Task objective
Each entry should be duplicated verbatim; its pictures should not be.

#### Extracted material ####

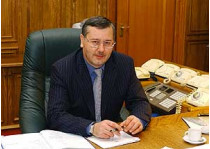 В пятницу, 25 марта, на прямой линии «фактов» побывает министр обороны анатолий гриценко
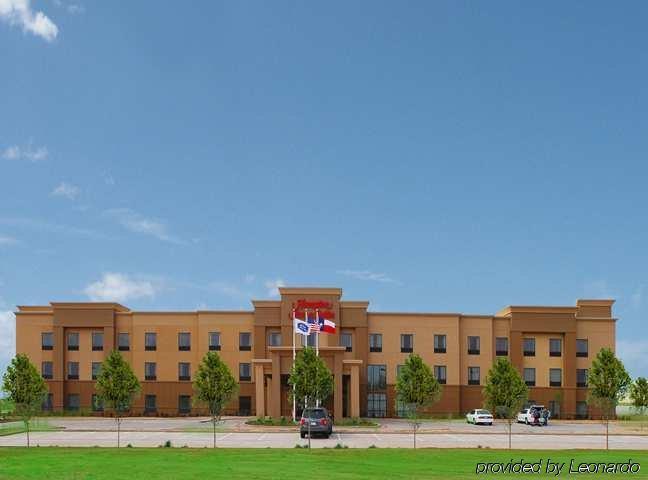 Hampton & Hotel 3*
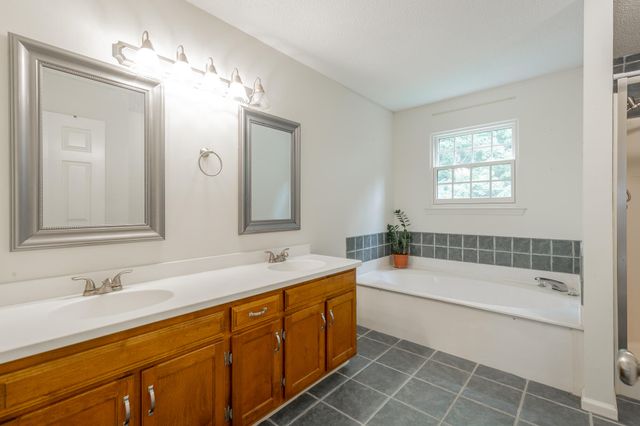 2506 Arbor Mist Trail, Hixson, TN 37343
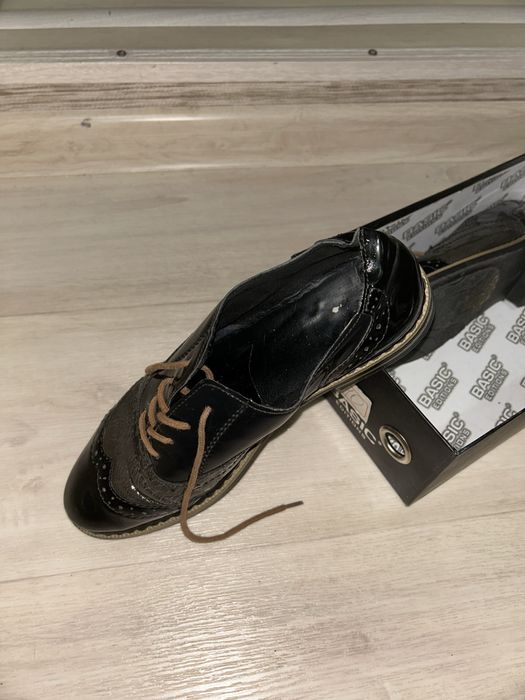 Лаковые ботинки!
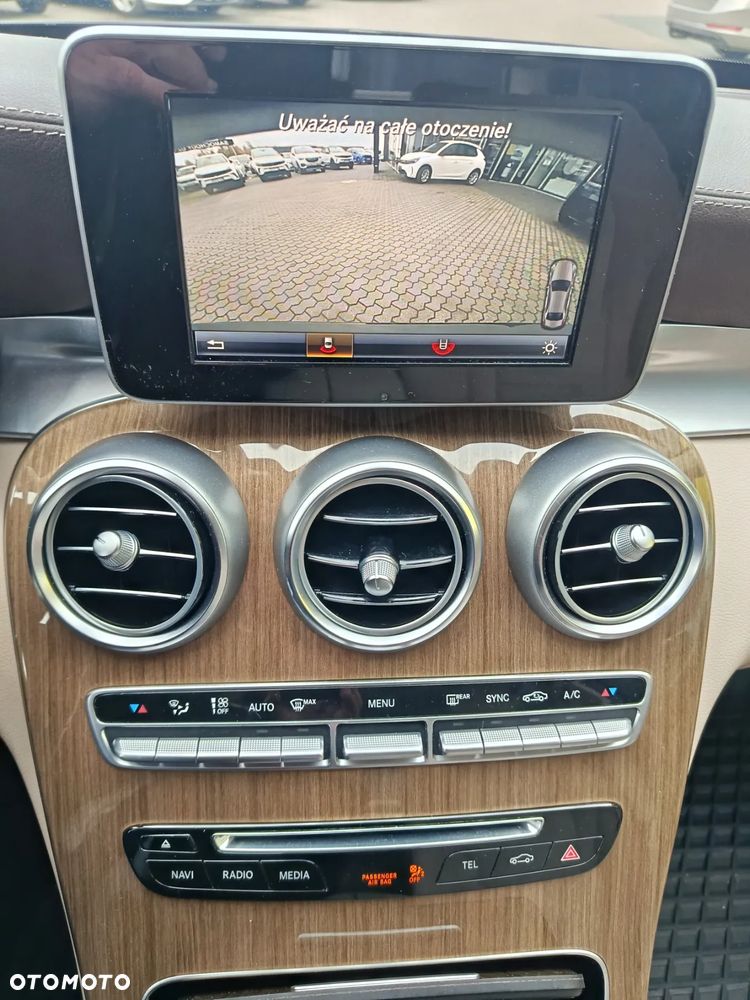Mercedes-Benz Klasa C 200 4-Matic 7G-TRONIC - 5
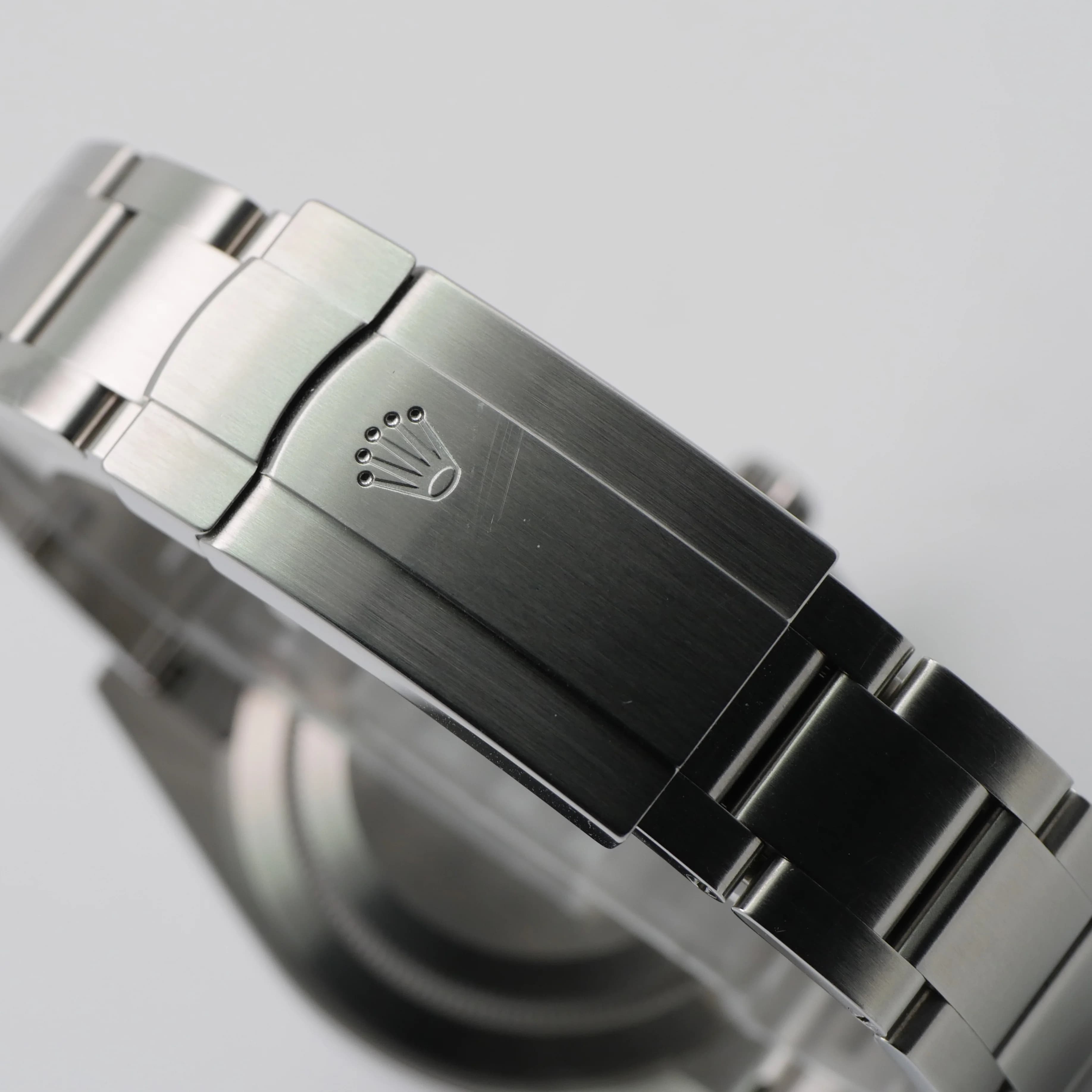 Rolex Oyster Perpetual – Ref. 114300, very good – Image 2/10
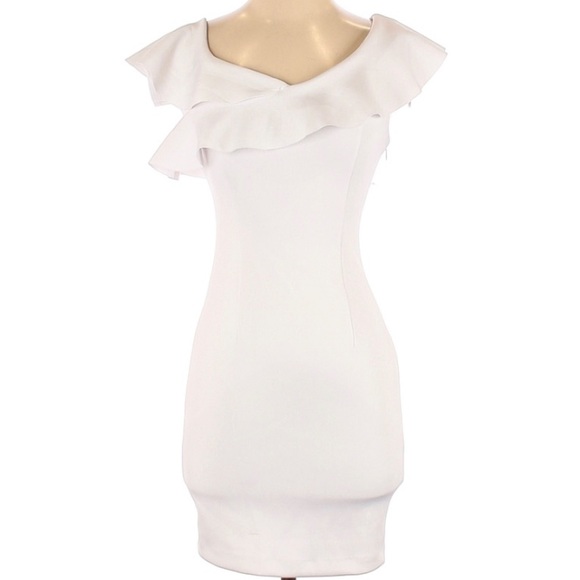 Guess Dresses & Skirts - NEW GUESS White Bodycon Dress XS X-Small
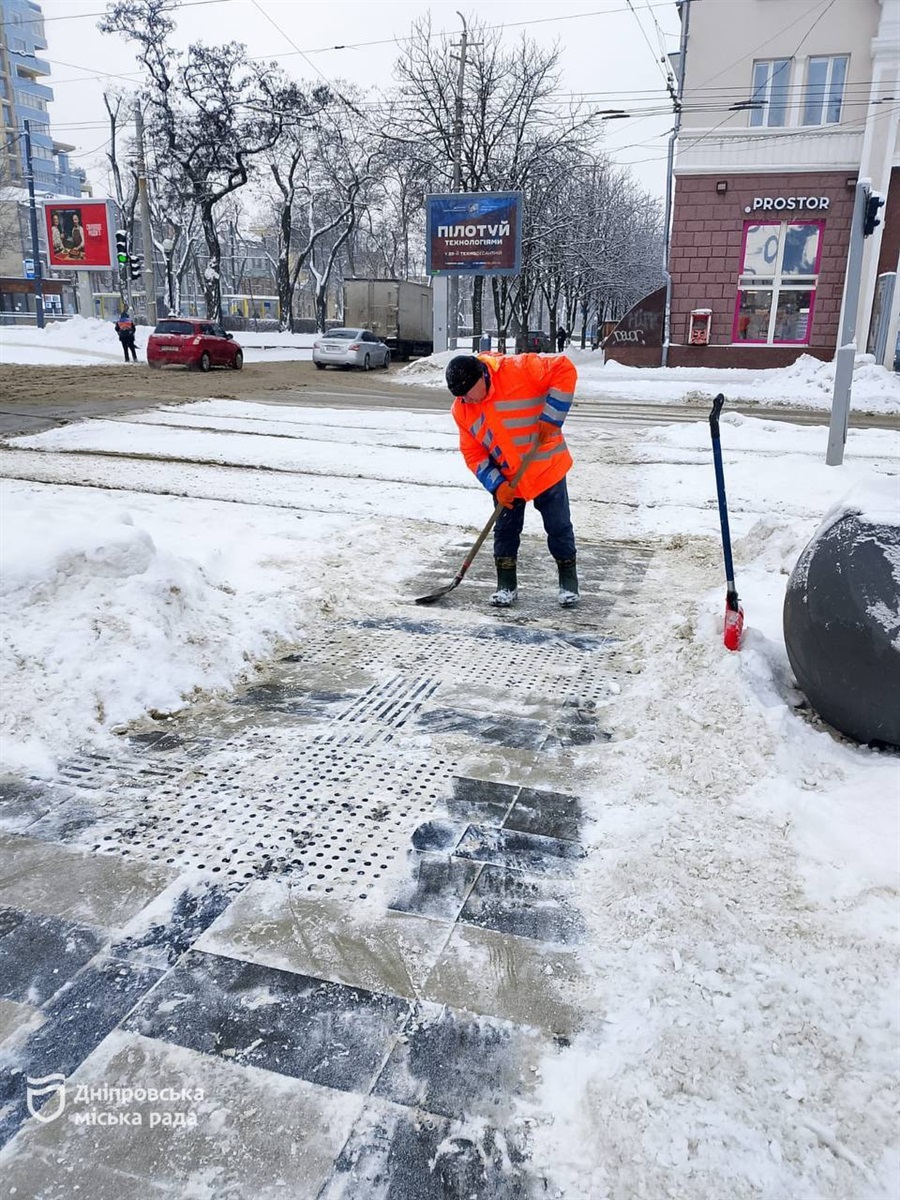 Через снігопад комунальні служби Дніпра продовжують працювати на міських дорогах і тротуарах для безпеки руху - 15.01.2026
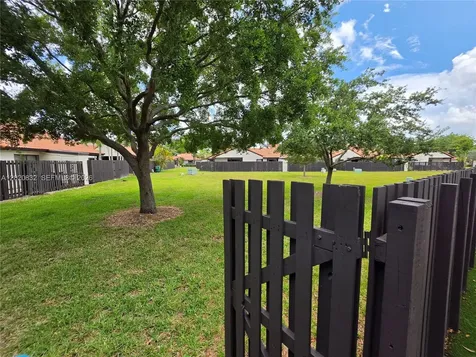 15240 SW 45th Terrace Miami FL 33185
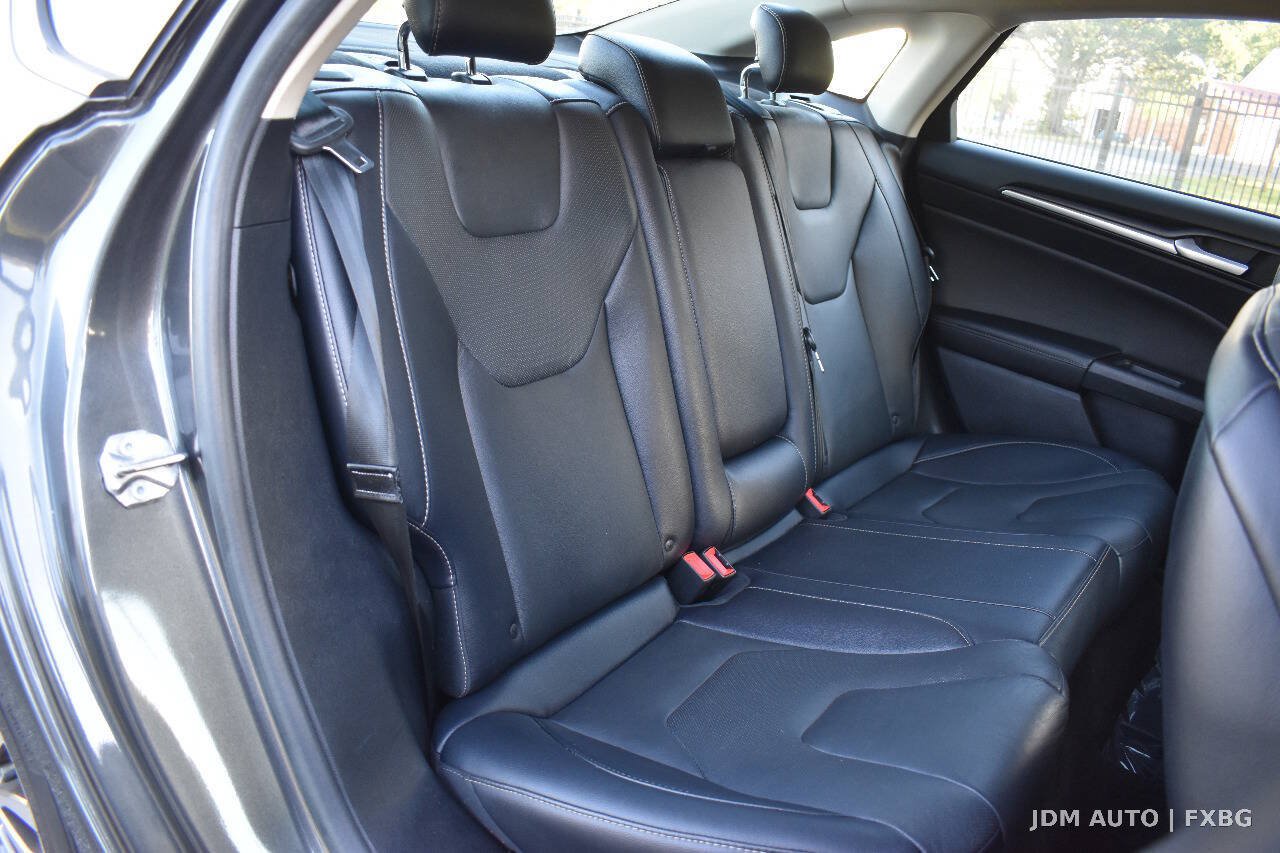 Used 2018 Ford Fusion Titanium AWD/4WD image 15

####

Written answer
 В пятницу, 25 марта, на прямой линии «фактов» побывает министр обороны анатолий гриценко
 Hampton & Hotel 3*
 2506 Arbor Mist Trail, Hixson, TN 37343
 Лаковые ботинки!
Mercedes-Benz Klasa C 200 4-Matic 7G-TRONIC - 5
 Rolex Oyster Perpetual – Ref. 114300, very good – Image 2/10
 Guess Dresses & Skirts - NEW GUESS White Bodycon Dress XS X-Small
 Через снігопад комунальні служби Дніпра продовжують працювати на міських дорогах і тротуарах для безпеки руху - 15.01.2026
 15240 SW 45th Terrace Miami FL 33185
 Used 2018 Ford Fusion Titanium AWD/4WD image 15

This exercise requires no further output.